Kondisi jalan pulang di jalan Paliyan dan Panggang

 

Namanya Tempuran Space. Lokasinya memang agak nyusahin. Apalagi yang bawa mobil. Gangnya kecil yang hanya muat untuk satu mobil. Kalau papasan salah satu harus mengalah untuk mundur. Tapi untungnya karena gak terlalu ramai jadi jarang ada yang papasan.

 

Sesampainya di lokasi, saya merasa "wah". Bagi saya sih ini menyenangkan. Lingkungannya sepi lagi adem. Karena memang lokasinya ada di pinggir sungai. 




 


Arsitekturnya bikin jatuh hati. Bangunan dibikin sesederhana mungkin dengan tetap menonjolkan pohon-pohon dan topografi di sana. Batu-batu tidak dihancurkan, bangunannya yang menyesuikannya. 

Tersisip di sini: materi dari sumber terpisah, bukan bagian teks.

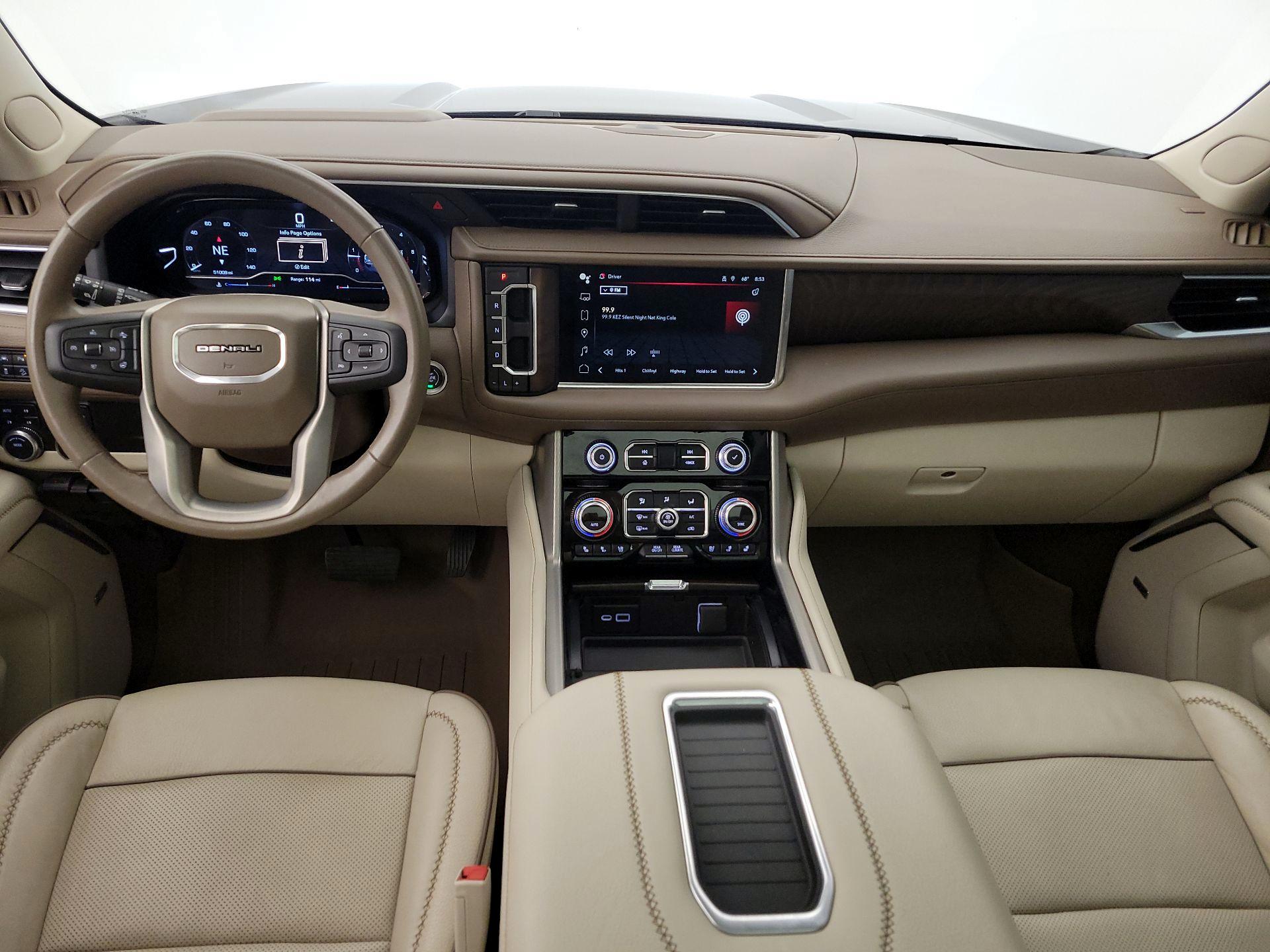 Thumbnail: 2022 GMC Yukon - 9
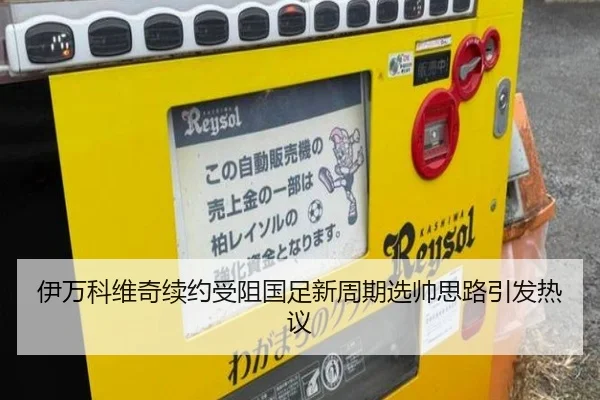 伊万科维奇续约受阻国足新周期选帅思路引发热议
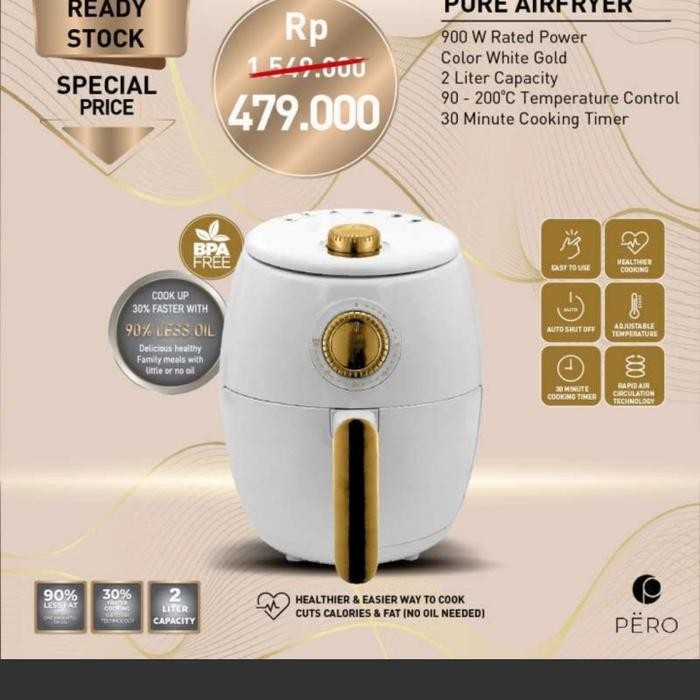Pero Pure Air Fryer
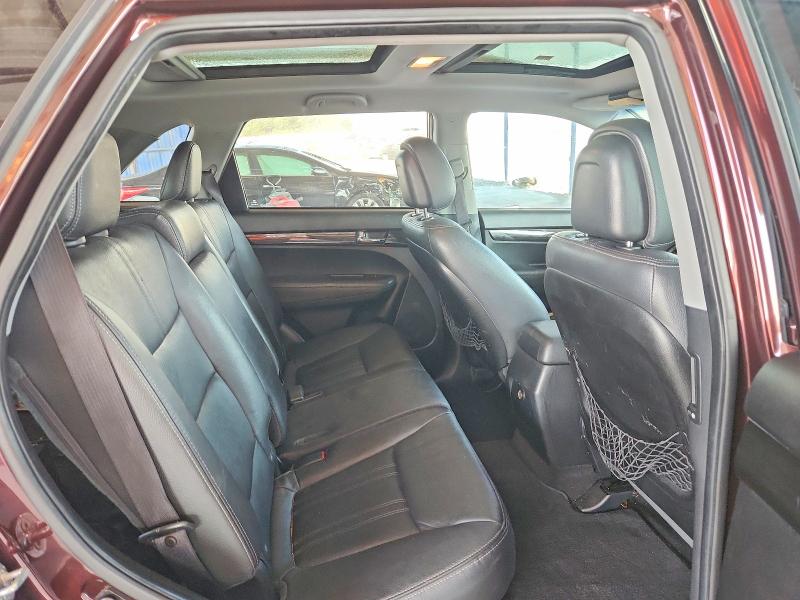 Aukcja sprzedaży 2013 Kia Sorento, vin: 5XYKW4A24DG383455, numer aukcji: 67443686
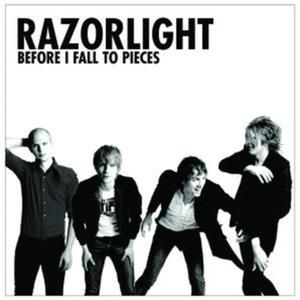 Before I Fall to Pieces (Single)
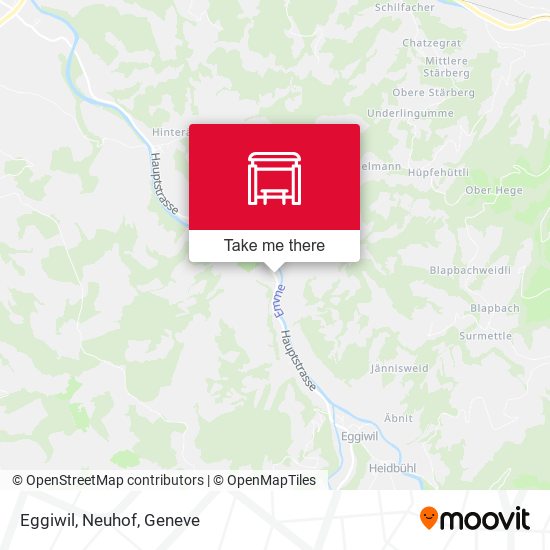 Eggiwil, Neuhof map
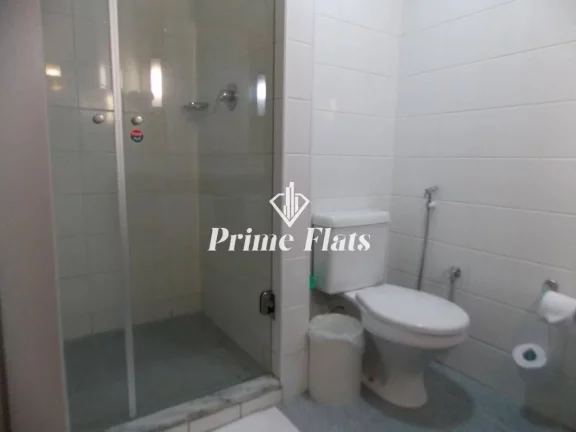 Imagem Flat disponível para venda no Íbis Santos, com 18m², 1 dormitório e 1 vaga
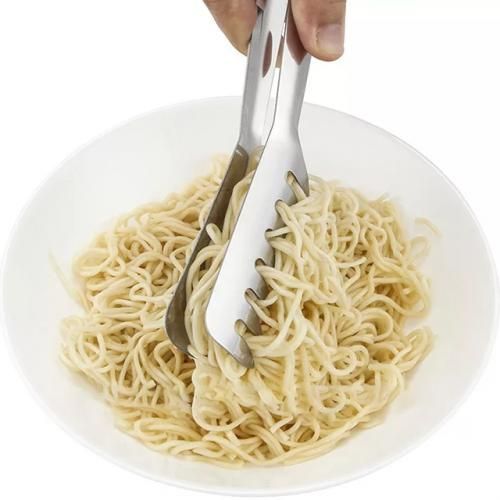 Pince à spaghetti en inox 20 cm  La cuisine italienne chez Dille & Kamille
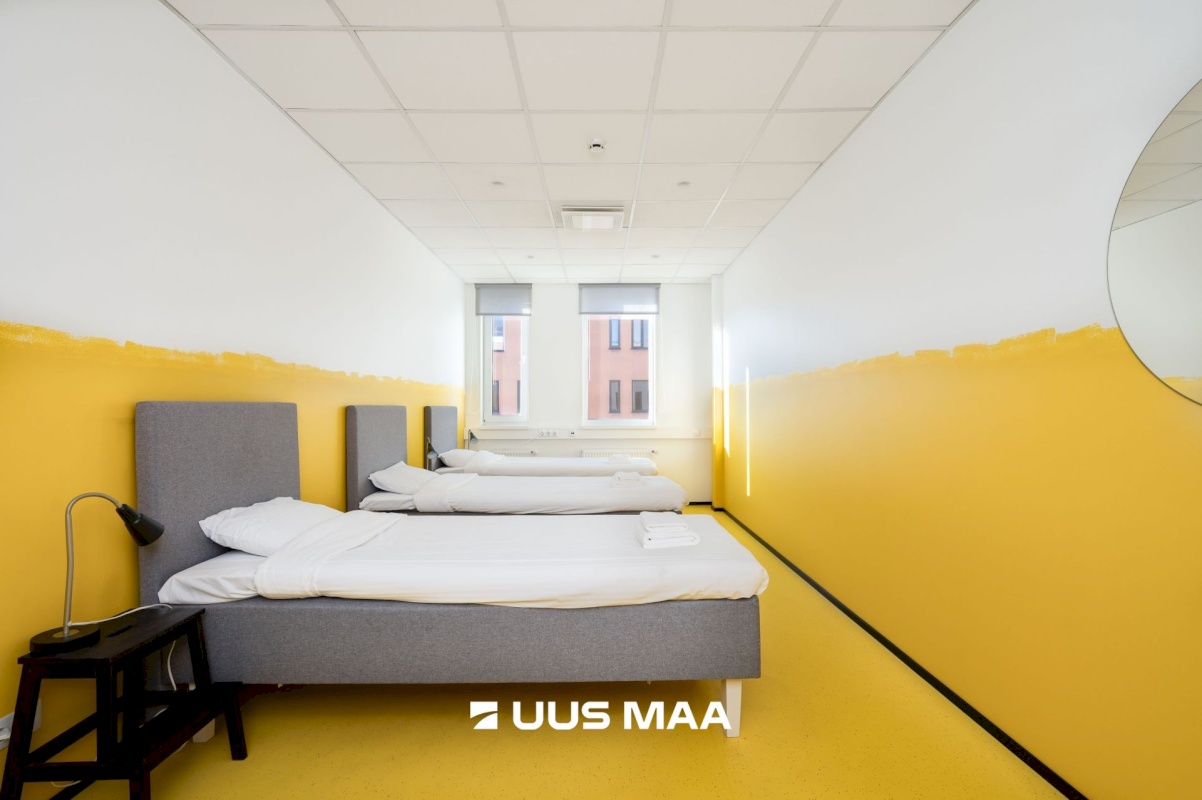 Tallinn, Kesklinna linnaosa, Sadama, Uus-Sadama 21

Kalau saya bilang makanan dan minumannya enak tentu tidak valid. Karena faktanya saya hanya pesan rahang tuna yang dibumbu bakar dan nasi telur. Minumnya pesan es teh dan es kopi susu. Semuanya menu andalan mereka.

 

 

Rahang tunanya sih harganya sedang (murah untuk ukuran orang Jakarta, tapi mahal untuk UMP Jogja). Kalau tuna sebenernya paling enak memang dengan bumbu yang minimalis. Makan rahang tuna juga seninya adalah mencari-cari daging tersisa yang nyelip diantara tulang-tulangnya. 

 

Untuk nasi telurnya rasanya tidak terlalu spesial. Nasi telurnya dibikin orak-arik dengan campuran kubis. Rasanya cenderung manis daripada gurih. Untuk ini saya lebih milih makan di burjo sebelah kos dulu sih.  

 

Sedang kopi susunya lumayan enak. Cuma bagi saya terlalu manis, mustinya bagi yang gak terlalu suka manis bisa minta dikurangin gulanya. 

 

Saya paling suka duduk di pinggir sungai daripada yang di atas. Kebetulan milih tempat duduknya di bawah pohon. Jadi kalau ada angin, daun-daun akan berguguran tepat di atas hidangan. Ya gakpapa, toh daun organik ini. Malah nambah sayur. Dan memang kan konsep kafenya outdoor gitu, jadi wajarlah. Kafe ini juga mengusung tema pro lingkungan, mereka tidak menyediakan sedotan. 

 

Niat hati mau berlama-lama di tempat itu, saya sudah bawa buku bacaan. Tapi ternyata saya salah bawa buku. Bukunya ternyata sudah selesai saya baca. Dan ternyata pada jam makan siang tempat nongkrong itu mulai ramai. Saya pun akhirnya pulang. 


Pulang dengan hati suka cita. Sampai jumpa Lelono yang lain.